THE PROBLEM:
Please, in the data that follows, copy exactly the lines from the line with "955 Veto Street NW Grand Rapids MI 49504" through the last one, both included. Do not include pictures.
#### MATERIAL SHOWN
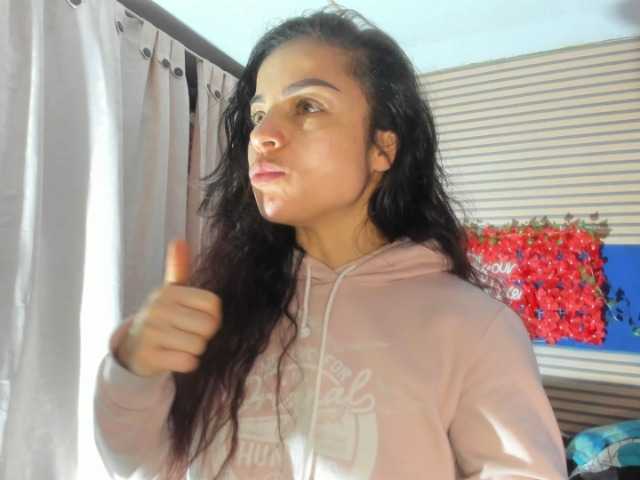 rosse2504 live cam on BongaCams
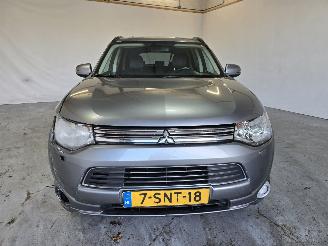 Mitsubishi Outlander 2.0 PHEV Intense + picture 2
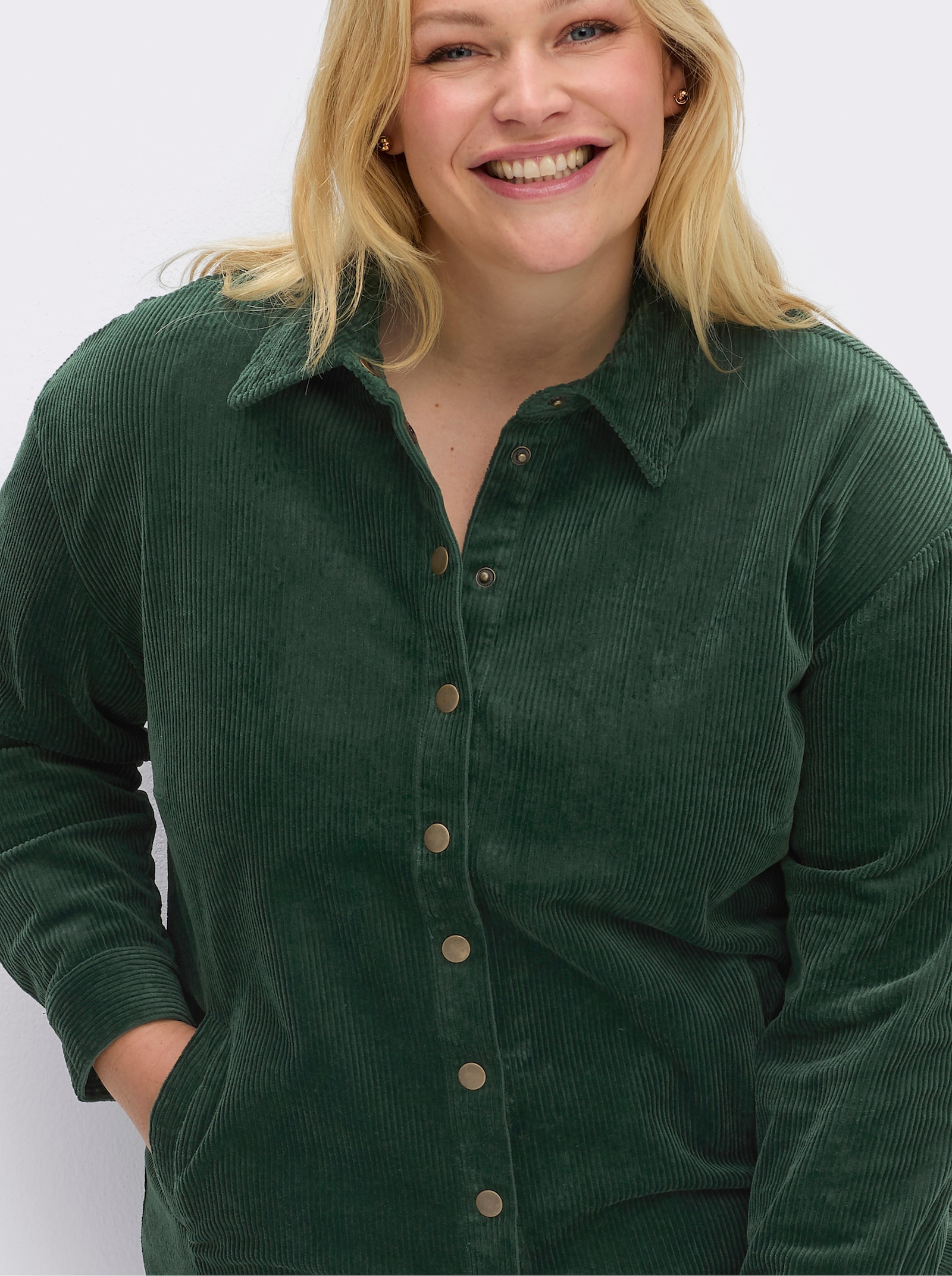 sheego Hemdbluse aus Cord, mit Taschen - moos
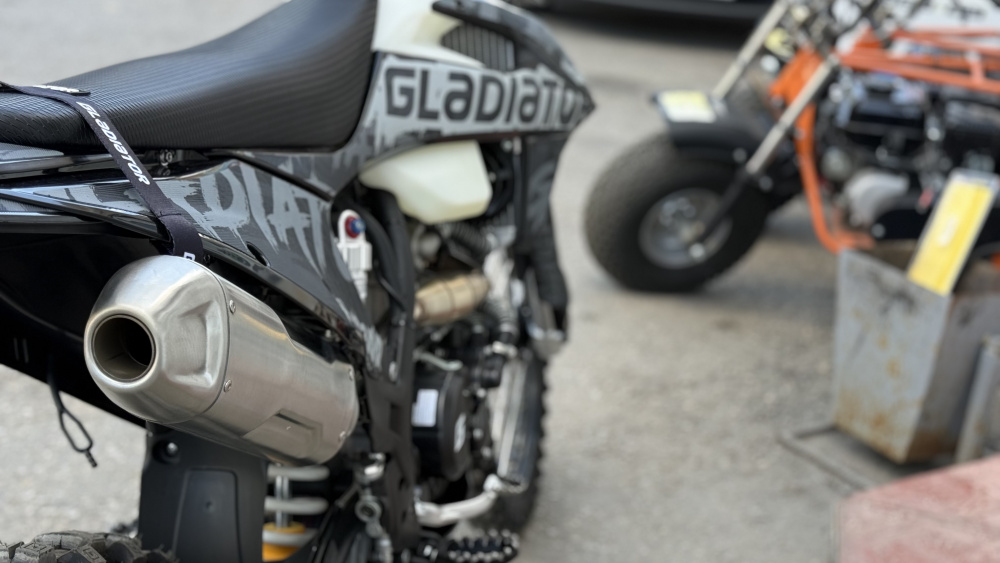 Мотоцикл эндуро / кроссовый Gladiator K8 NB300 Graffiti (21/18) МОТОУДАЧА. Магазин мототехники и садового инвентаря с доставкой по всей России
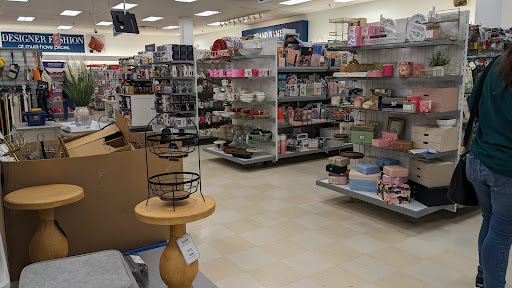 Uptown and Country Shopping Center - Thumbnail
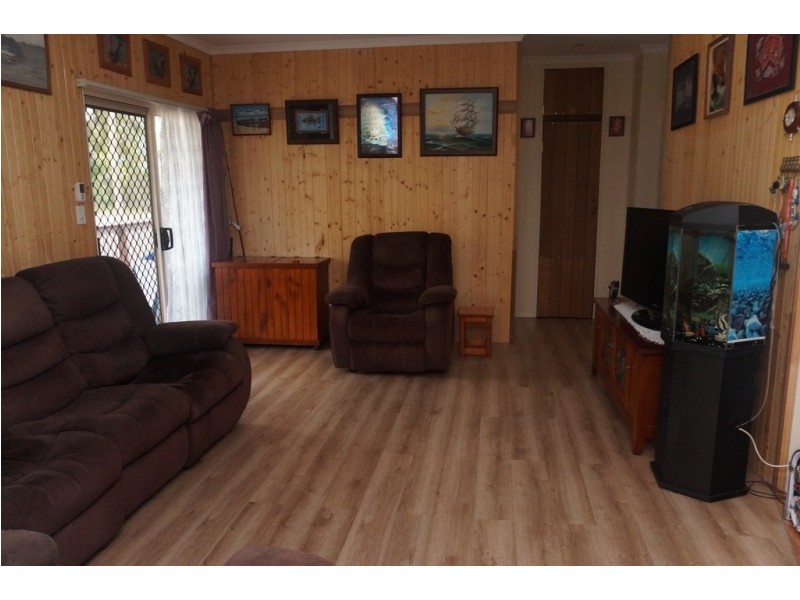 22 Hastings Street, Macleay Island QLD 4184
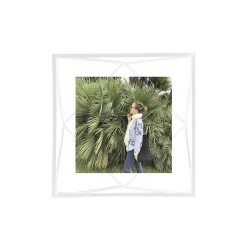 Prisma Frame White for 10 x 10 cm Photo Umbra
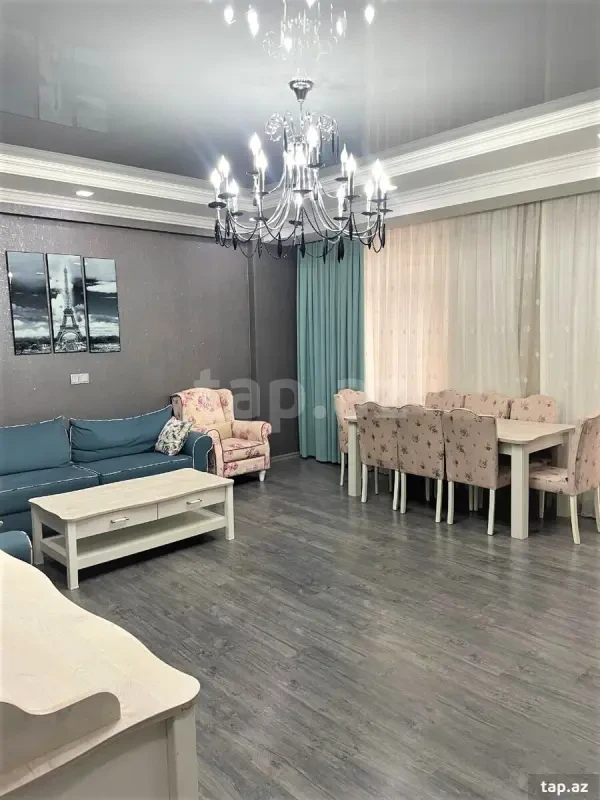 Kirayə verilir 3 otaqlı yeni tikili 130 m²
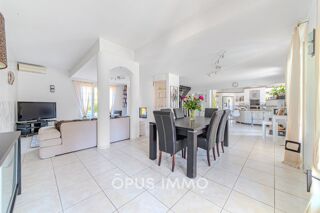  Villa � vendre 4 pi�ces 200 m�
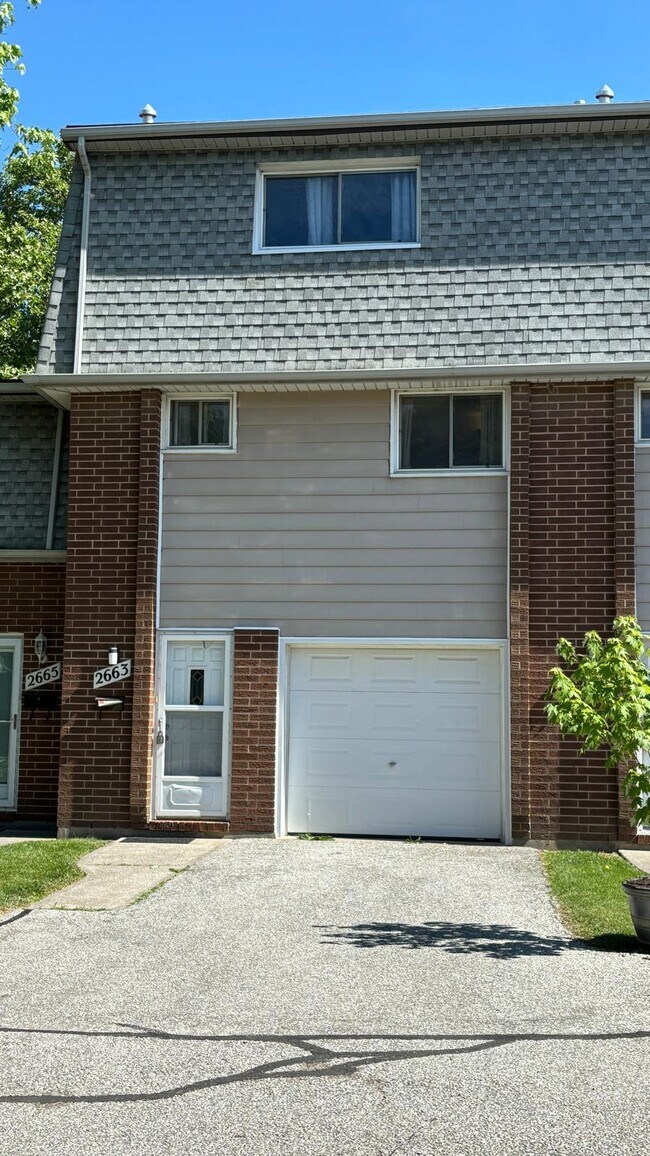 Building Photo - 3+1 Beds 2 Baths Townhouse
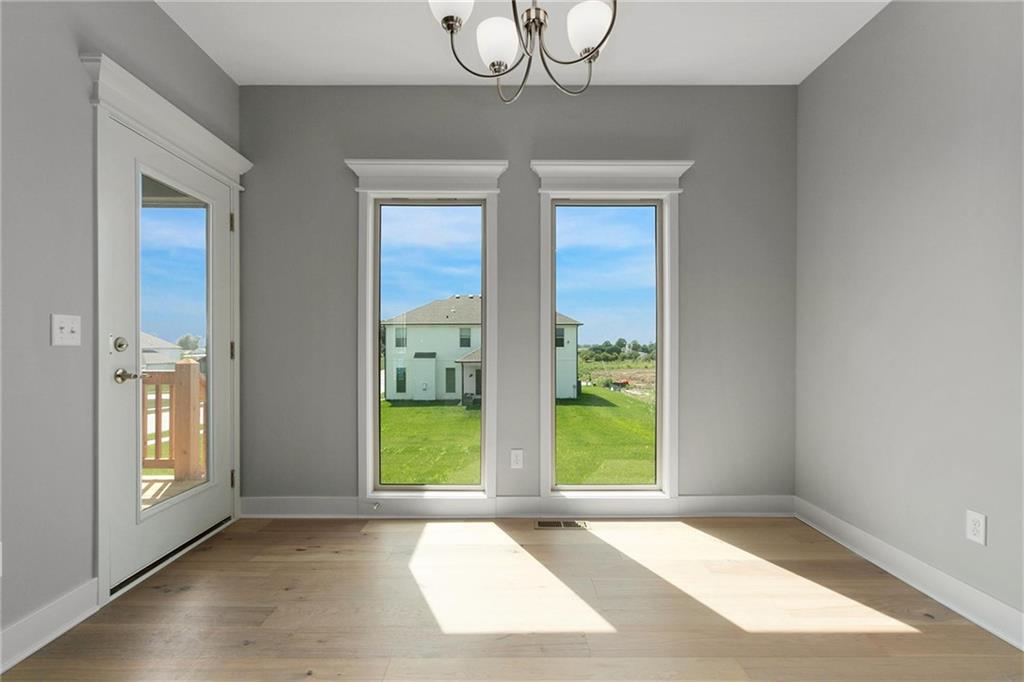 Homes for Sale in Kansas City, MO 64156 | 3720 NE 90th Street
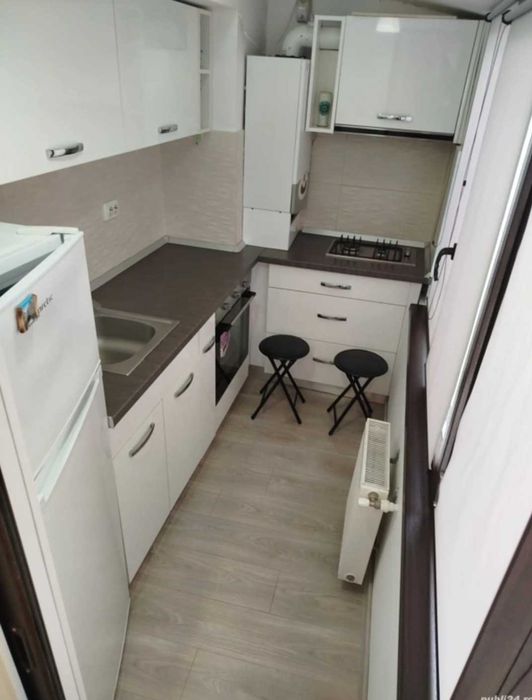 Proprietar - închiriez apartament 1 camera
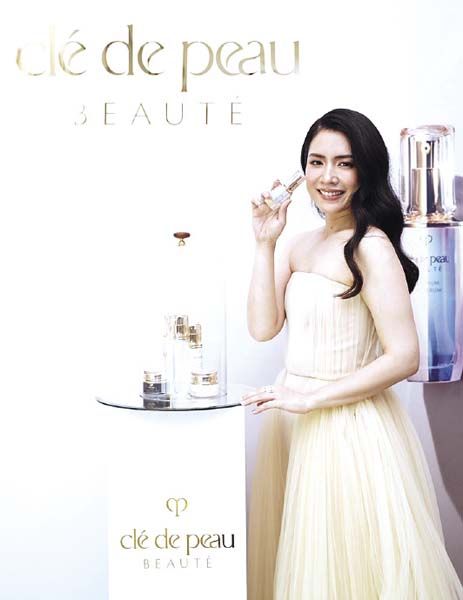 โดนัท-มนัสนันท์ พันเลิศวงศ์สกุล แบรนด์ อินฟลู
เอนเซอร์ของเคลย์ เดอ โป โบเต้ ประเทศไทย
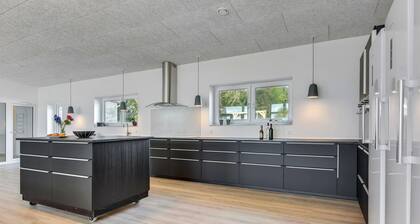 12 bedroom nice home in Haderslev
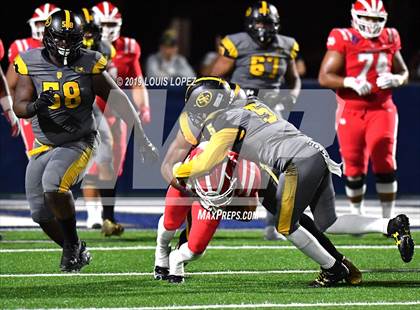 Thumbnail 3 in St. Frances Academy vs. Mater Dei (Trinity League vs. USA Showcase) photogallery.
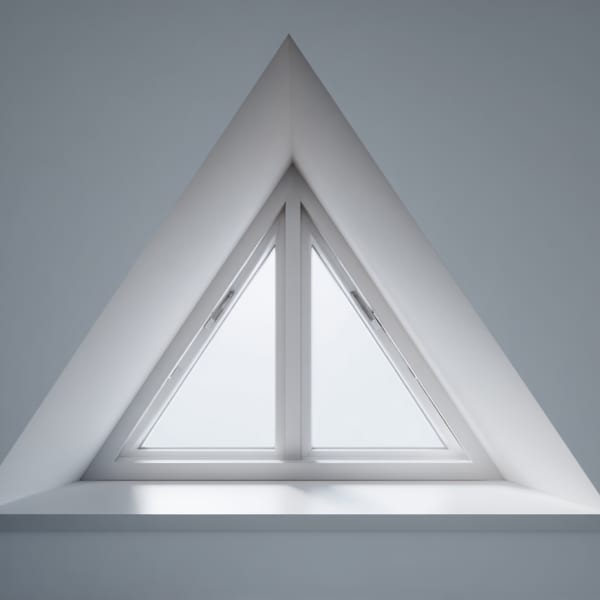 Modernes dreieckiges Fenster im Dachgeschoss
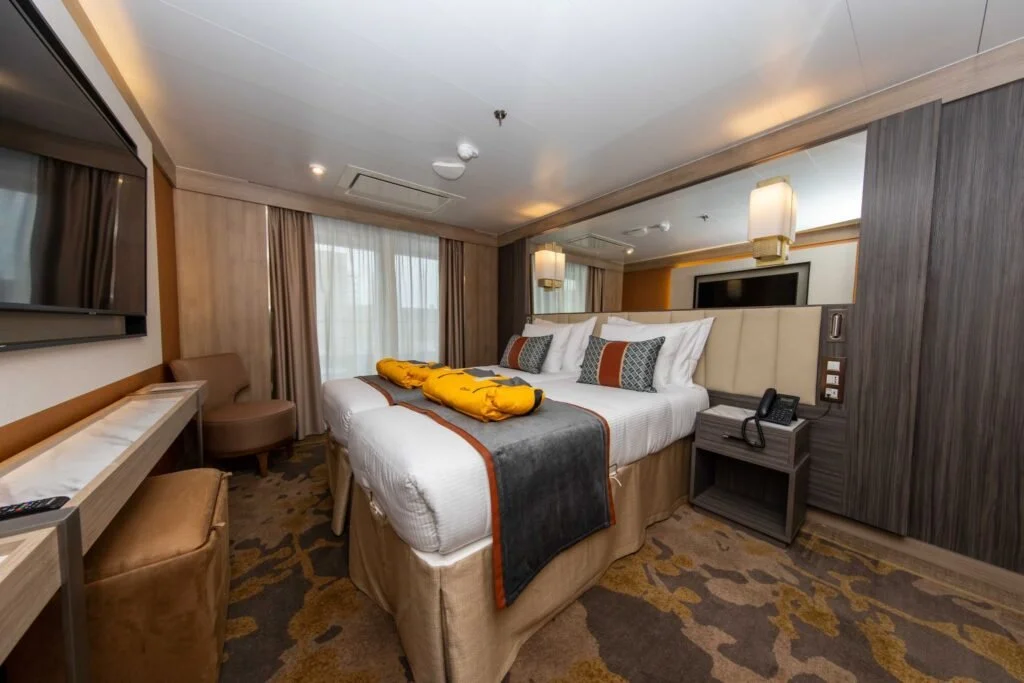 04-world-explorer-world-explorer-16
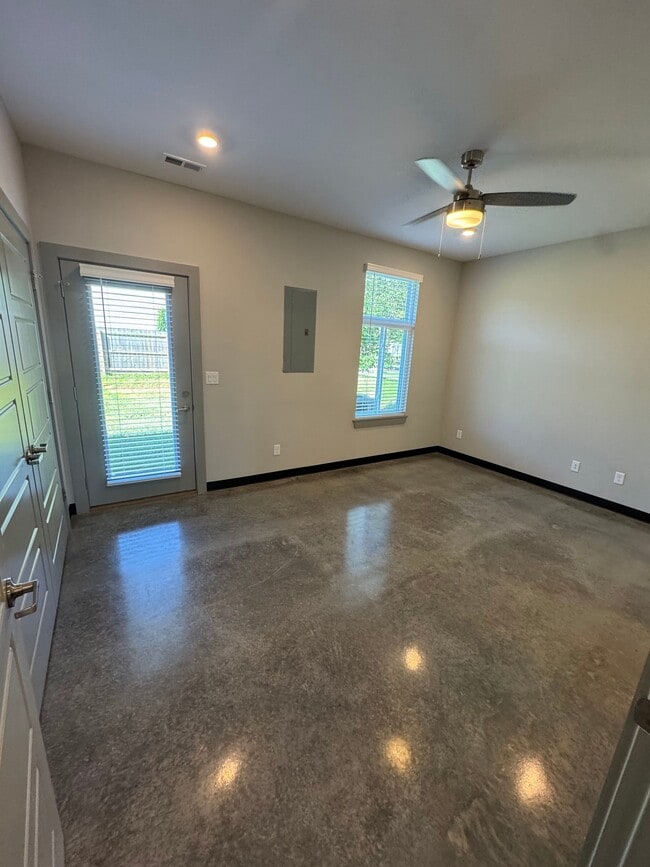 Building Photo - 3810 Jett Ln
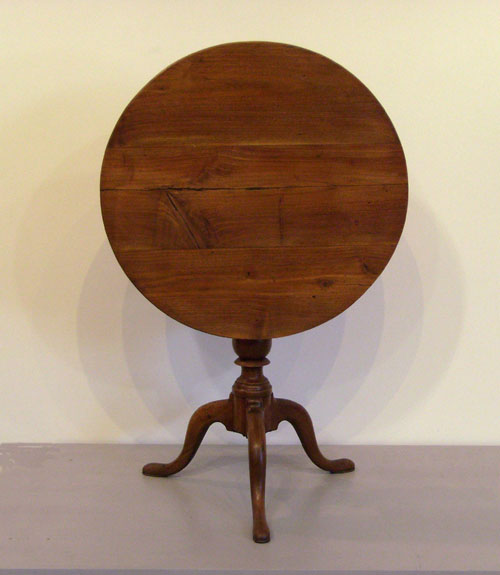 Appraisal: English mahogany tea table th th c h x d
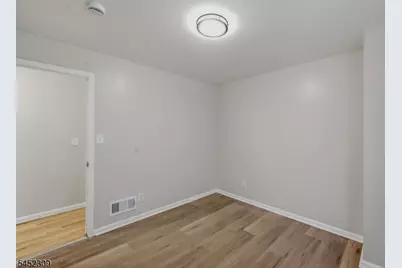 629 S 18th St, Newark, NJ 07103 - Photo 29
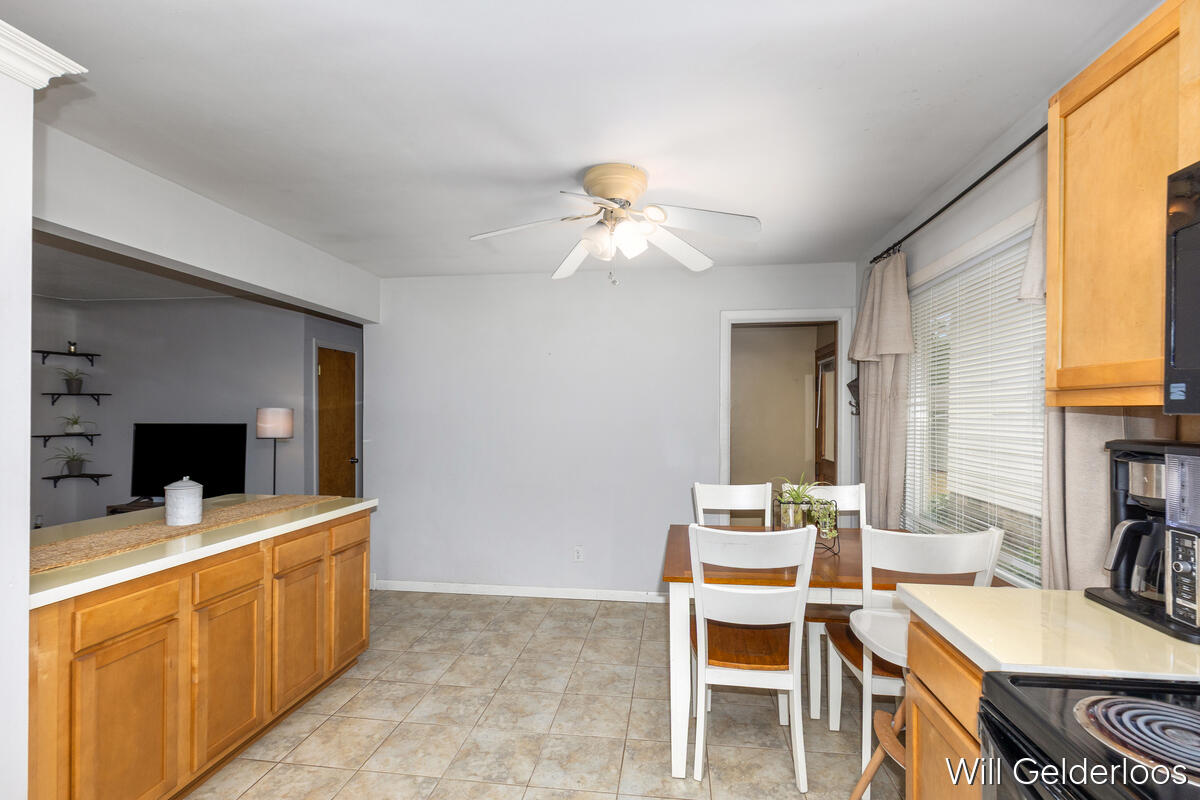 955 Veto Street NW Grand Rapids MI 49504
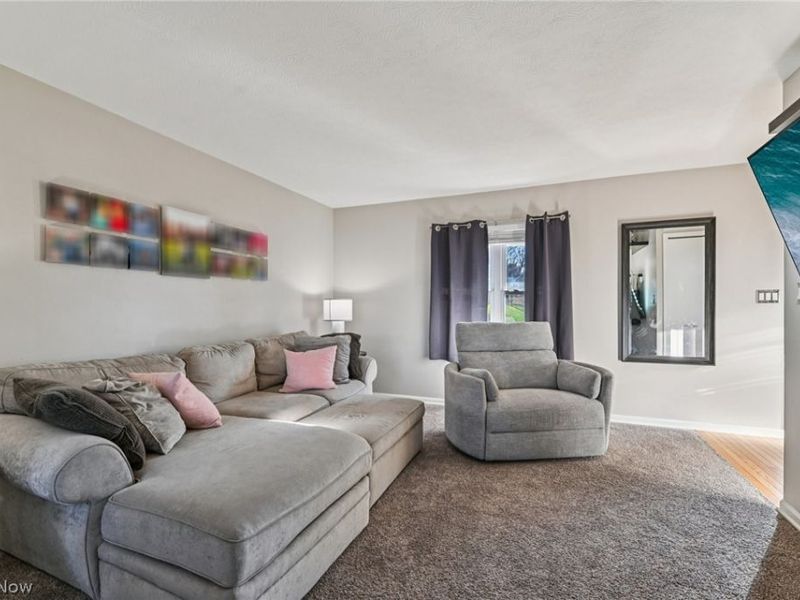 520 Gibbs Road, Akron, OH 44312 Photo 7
########
RESULT:
 955 Veto Street NW Grand Rapids MI 49504
 520 Gibbs Road, Akron, OH 44312 Photo 7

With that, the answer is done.